Efforts to Remove Soviet Statues or Rename Streets Continue but With Ever Less Success


Paul Goble

            Staunton, May 2 – In contrast to the 1990s when there were major fights about removing Soviet statuary and replacing Soviet names with pre-revolutionary names, today, these fights are more prolonged with officials, the KPRF, the population and the Russian Orthodox Church locked in fights that last for months and often do not lead to any change at all.

            Even when a powerful central political figure like Foreign Minister Sergey Lavrov gets involved as he has about the name of a Moscow suburb where he grew up in the home of his grandparents, there is no certainty that any changes will occur. Instead, those who oppose change have learned how to dig in and block proposals that many others in fact support.

            That is the conclusion Aleksandr Mavromatis reaches in a study of recent efforts to restore old names or give new ones to streets, squares and cities or to dismantle or move statues of Lenin and other Soviet leaders from places of prominence to less popular locations (mbk-news.appspot.com/suzhet/tixaya-dekommunizaciya-gd/).

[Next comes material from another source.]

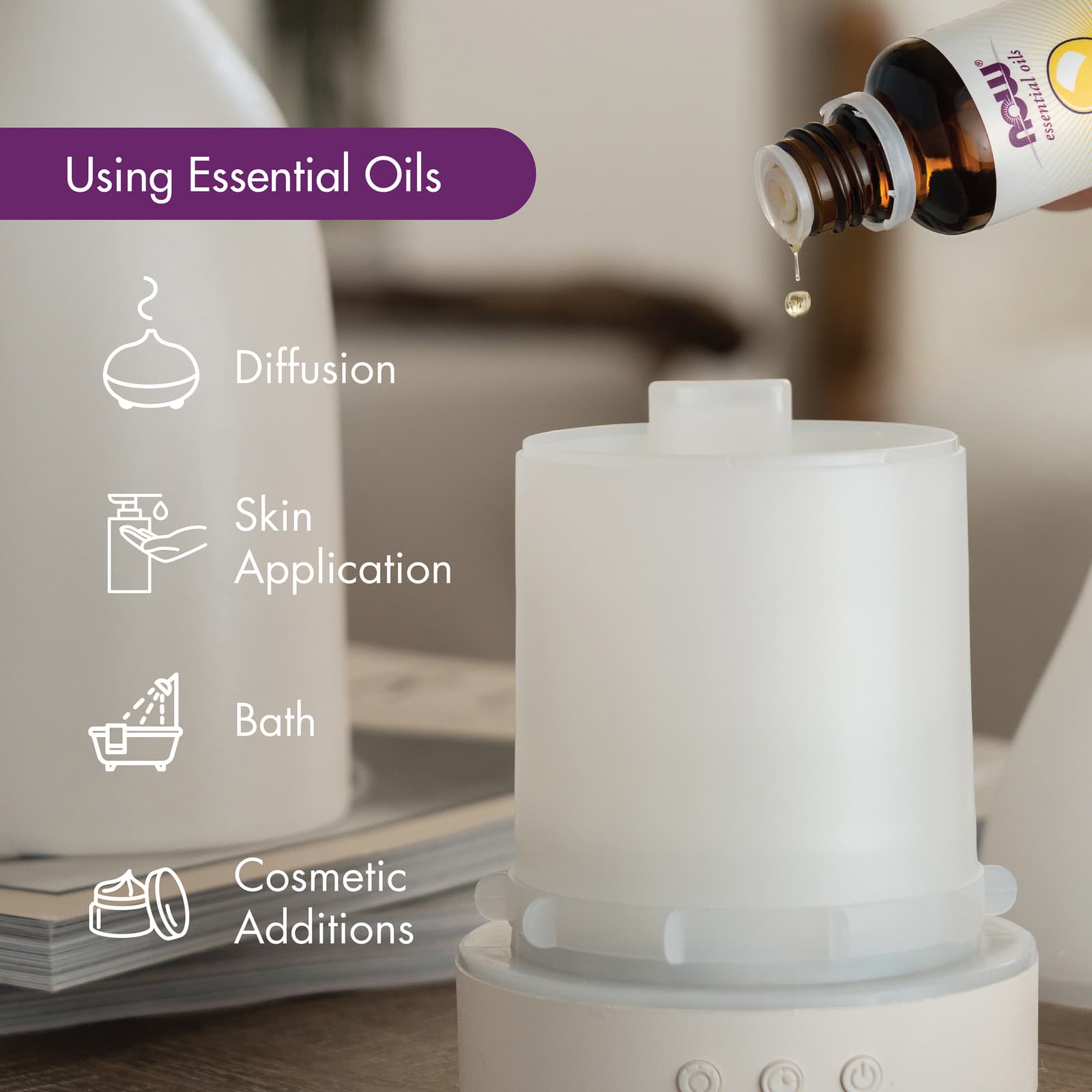 NOW Foods, Essential Oils, Clove, 1 fl oz (30 ml) - Image 4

            “The pulling down of monuments to communist leaders and the renaming of Soviet names for streets in Russia cannot now be called a widespread practice,” the commentator says. While there are still many who want that to happen, there are others who have learned how to oppose it and who are winning lest Russia become in their words “’like Ukraine.’”

            Many of these controversies are still bubbling, however, in smaller cities around the country. In the Urals city of Revda, officials sought to relocate the statue of Lenin, but the KPRF has been blocking that for two years.  Now, the city fathers say they hope to begin that process again at the end of this year or next.

            In Tambov, the fight is over whether a street named Stenka Razin by the Bolsheviks should become St. Pitirim Street as the local hierarchy of the Russian Orthodox Church wants. The KPRF is opposed, and citizens and the city authorities are caught in the middle. Nothing has been resolved.

            And in Samara, some want to rename Uritsky Street Crimea Street. Renaming the square in that way was easy because no one lived on it. But the street itself had residents and they didn’t want the name to be changed because they were used to it and didn’t see any reason to make a shift.

            Mavromatis also details fights over street names and monuments in Noginsk (where Lavrov unsuccessfully intervened), Tutayev, and St. Petersburg. 

            Three things are striking about the cases he cites: First, there is real politics going on. This isn’t a subject where the first person in the region makes a decision and it is implemented. Second, in many cases, local people demand hearings and polls before any change can be made and they are getting their way.

            And third – and this is something one can observe in other countries as well – those who oppose change often have the advantage because they can count on public inertia and the costs of moving a monument or changing the name of a street to add to their arguments. Usually the opponents of change win, but not always – and that encourages others who want change to try.